Zhang Mengge, Yang Lianping, Ren Jie, Ahlgren Nathan A, Fuhrman Jed A, Sun Fengzhu
Molecular and Computational Biology Program, University of Southern California, Los Angeles, California, USA.
College of Sciences, Northeastern University, Shenyang, China.
BMC Bioinformatics. 2017 Mar 14;18(Suppl 3):60. doi: 10.1186/s12859-017-1473-7.
The study of virus-host infectious association is important for understanding the functions and dynamics of microbial communities. Both cellular and fractionated viral metagenomic data generate a large number of viral contigs with missing host information. Although relative simple methods based on the similarity between the word frequency vectors of viruses and bacterial hosts have been developed to study virus-host associations, the problem is significantly understudied. We hypothesize that machine learning methods based on word frequencies can be efficiently used to study virus-host infectious associations.
We investigate four different representations of word frequencies of viral sequences including the relative word frequency and three normalized word frequencies by subtracting the number of expected from the observed word counts. We also study five machine learning methods including logistic regression, support vector machine, random forest, Gaussian naive Bayes and Bernoulli naive Bayes for separating infectious from non-infectious viruses for nine bacterial host genera with at least 45 infecting viruses. Area under the receiver operating characteristic curve (AUC) is used to compare the performance of different machine learning method and feature combinations. We then evaluate the performance of the best method for the identification of the hosts of contigs in metagenomic studies. We also develop a maximum likelihood method to estimate the fraction of true infectious viruses for a given host in viral tagging experiments.

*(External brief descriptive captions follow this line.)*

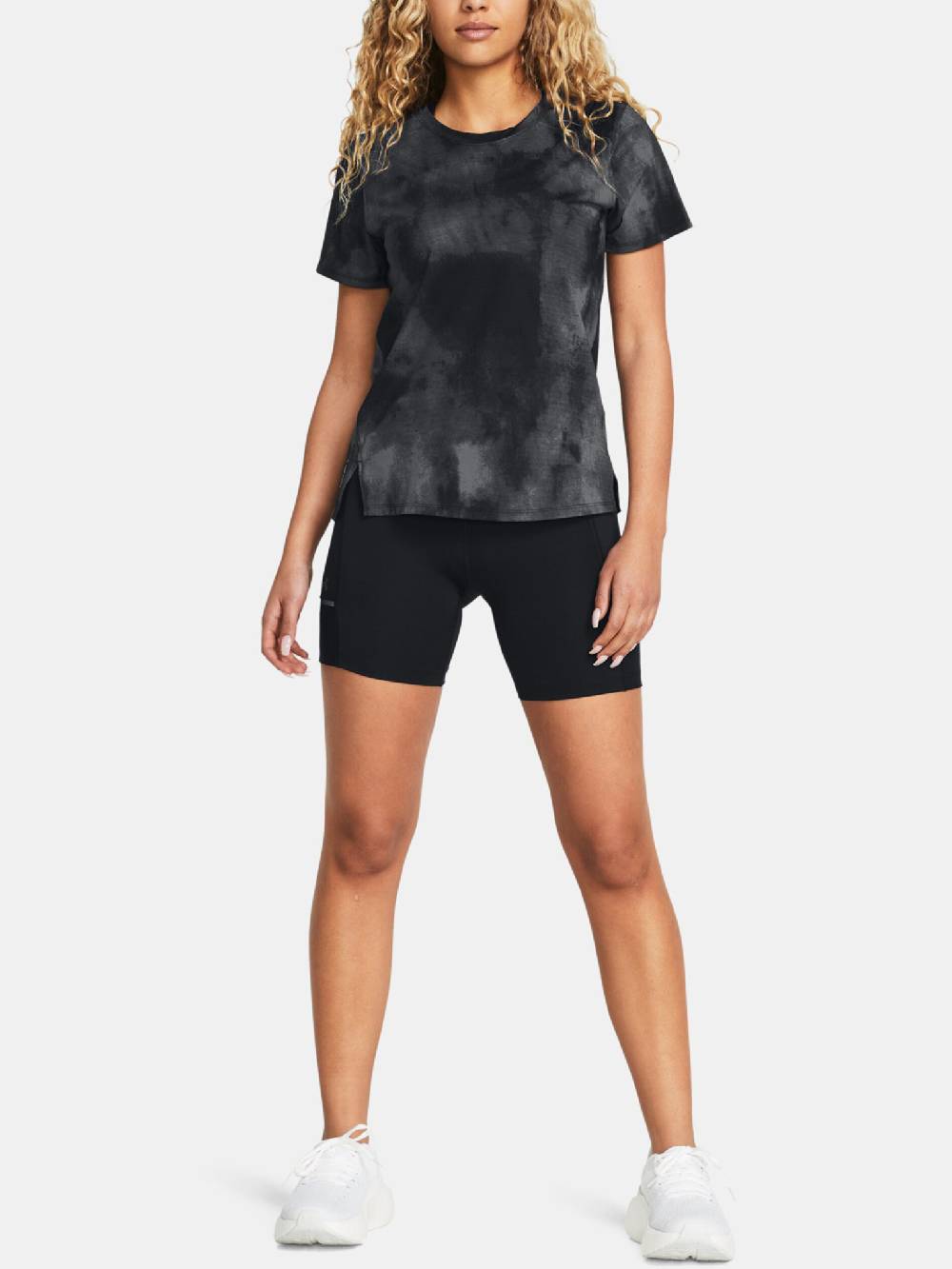 Under Armour UA Launch Half Tight Shorts Black Friday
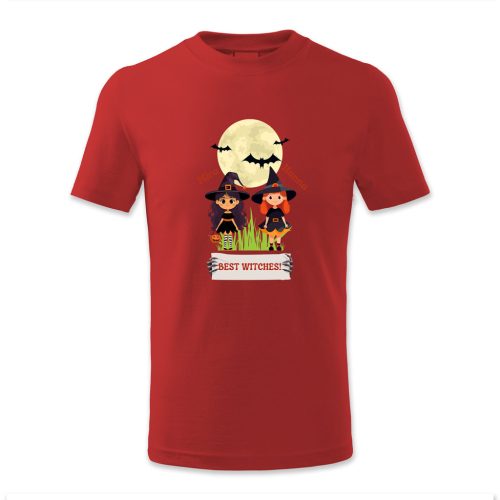 Best witches, Mira és Hanna, Halloween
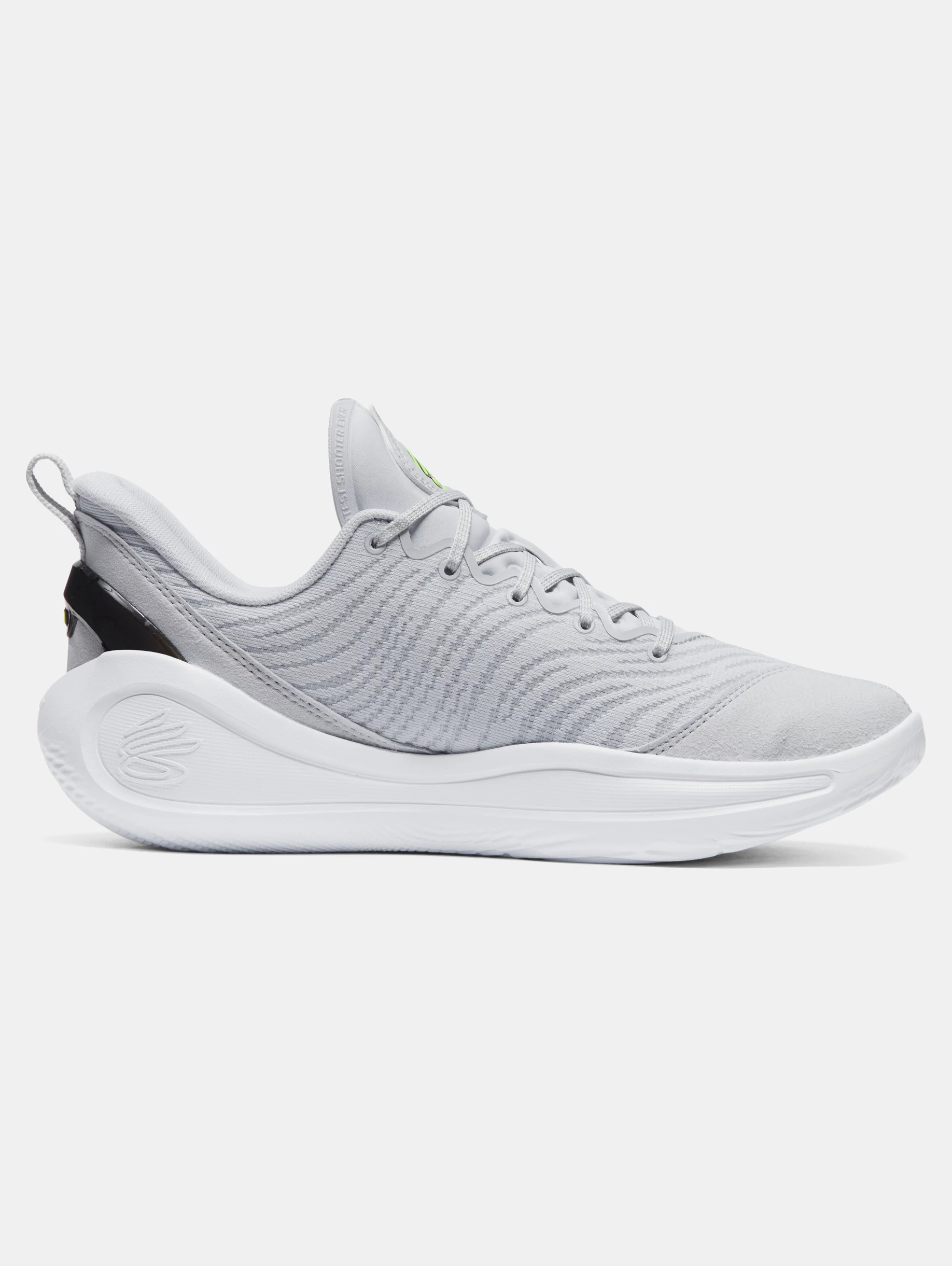Unisex Curry 12 'Gravity' Basketball Shoes - 7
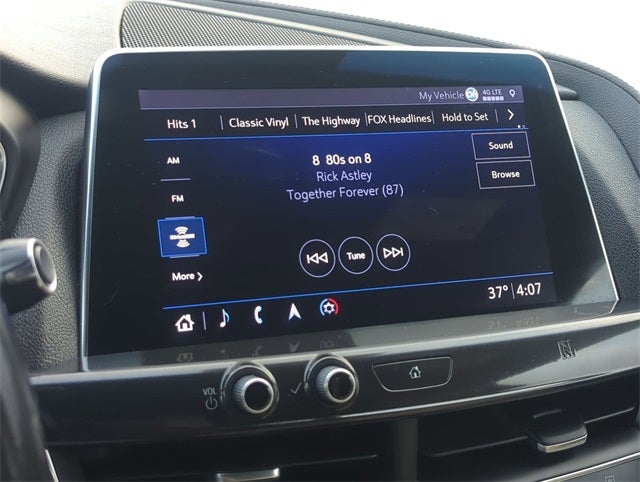 2020 Cadillac CT5 Luxury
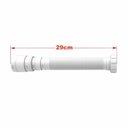 Ver imagem 7 de Kit Cuba Rl545 Roma com Torneira Luxo e Válvula Botão com Sifão e Flexível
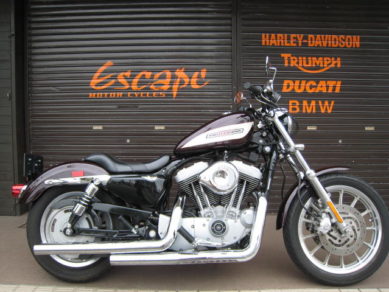 HARLEY-DAVIDSON XL1200R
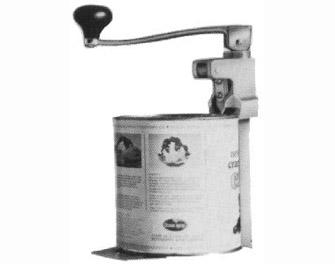 IMPA手冊 編號172625桌式開罐器(圖1) IMPA手冊 編號172625桌式開罐器(圖1)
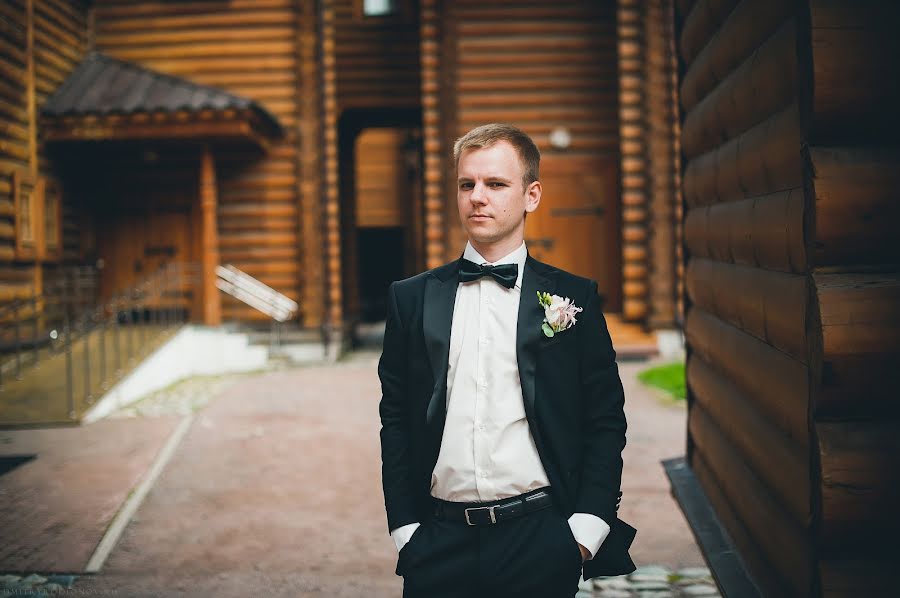 Photographe de mariage Dmitriy Rodionov (dmitryrodionov). Photo du 27 décembre 2015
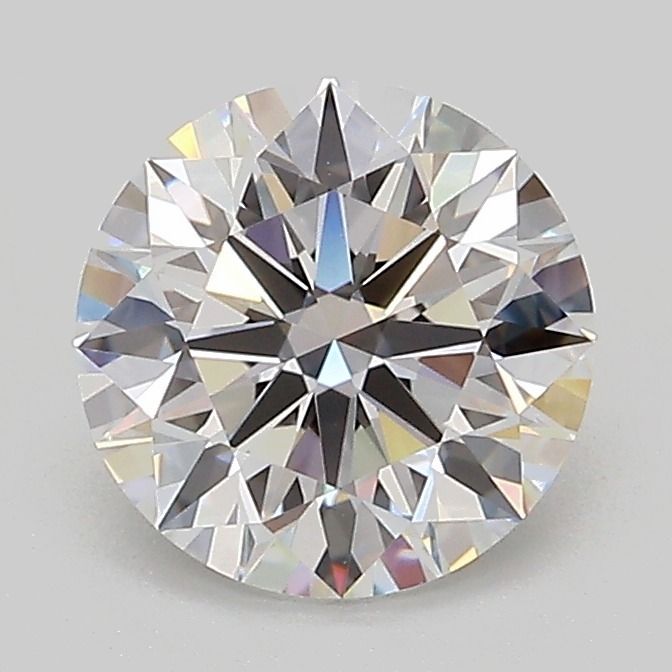1.51 ct. round Lab Grown Diamond front image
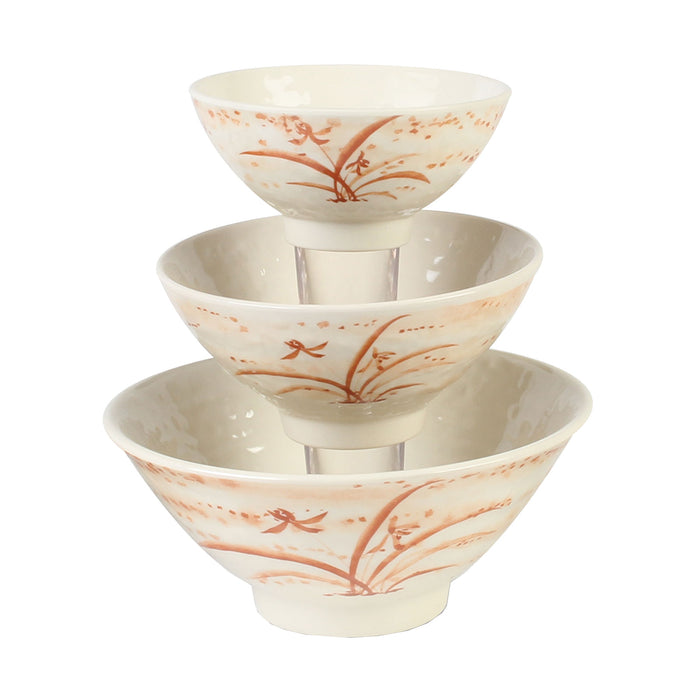 Thunder Group, 5707, Asian Dinnerware, Plastic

Based on nine bacterial host genera with at least 45 infectious viruses, we show that random forest together with the relative word frequency vector performs the best in identifying viruses infecting particular hosts. For all the nine host genera, the AUC is over 0.85 and for five of them, the AUC is higher than 0.98 when the word size is 6 indicating the high accuracy of using machine learning approaches for identifying viruses infecting particular hosts. We also show that our method can predict the hosts of viral contigs of length at least 1kbps in metagenomic studies with high accuracy. The random forest together with word frequency vector outperforms current available methods based on Manhattan and [Formula: see text] dissimilarity measures. Based on word frequencies, we estimate that about 95% of the identified T4-like viruses in viral tagging experiment infect Synechococcus, while only about 29% of the identified non-T4-like viruses and 30% of the contigs in the study potentially infect Synechococcus.
The random forest machine learning method together with the relative word frequencies as features of viruses can be used to predict viruses and viral contigs for specific bacterial hosts. The maximum likelihood approach can be used to estimate the fraction of true infectious associated viruses in viral tagging experiments.
病毒-宿主感染关联的研究对于理解微生物群落的功能和动态至关重要。细胞和分级病毒宏基因组数据都会产生大量缺少宿主信息的病毒重叠群。尽管已经开发了基于病毒和细菌宿主词频向量之间相似性的相对简单的方法来研究病毒-宿主关联,但这个问题仍未得到充分研究。我们假设基于词频的机器学习方法可以有效地用于研究病毒-宿主感染关联。
我们研究了病毒序列词频的四种不同表示形式,包括相对词频以及通过从观察到的词计数中减去预期数量得到的三种归一化词频。我们还研究了五种机器学习方法,包括逻辑回归、支持向量机、随机森林、高斯朴素贝叶斯和伯努利朴素贝叶斯,用于区分九种细菌宿主属的感染性病毒和非感染性病毒,每种宿主属至少有45种感染病毒。使用受试者工作特征曲线下面积(AUC)来比较不同机器学习方法和特征组合的性能。然后,我们评估最佳方法在宏基因组研究中识别重叠群宿主的性能。我们还开发了一种最大似然方法来估计病毒标记实验中给定宿主的真正感染性病毒的比例。
基于九种细菌宿主属,每种宿主属至少有45种感染性病毒,我们表明随机森林与相对词频向量相结合在识别感染特定宿主的病毒方面表现最佳。对于所有九种宿主属,当词大小为6时,AUC超过0.85,其中五种宿主属的AUC高于0.98,这表明使用机器学习方法识别感染特定宿主的病毒具有很高的准确性。我们还表明,我们的方法可以在宏基因组研究中高精度地预测长度至少为1kbps的病毒重叠群的宿主。随机森林与词频向量相结合的方法优于目前基于曼哈顿和[公式:见原文]差异度量的可用方法。基于词频,我们估计在病毒标记实验中鉴定出的约95%的类T4病毒感染了聚球藻属,而在该研究中鉴定出的非类T4病毒中只有约29%以及重叠群中只有30%可能感染聚球藻属。
随机森林机器学习方法与作为病毒特征的相对词频相结合,可用于预测特定细菌宿主的病毒和病毒重叠群。最大似然方法可用于估计病毒标记实验中真正感染相关病毒的比例。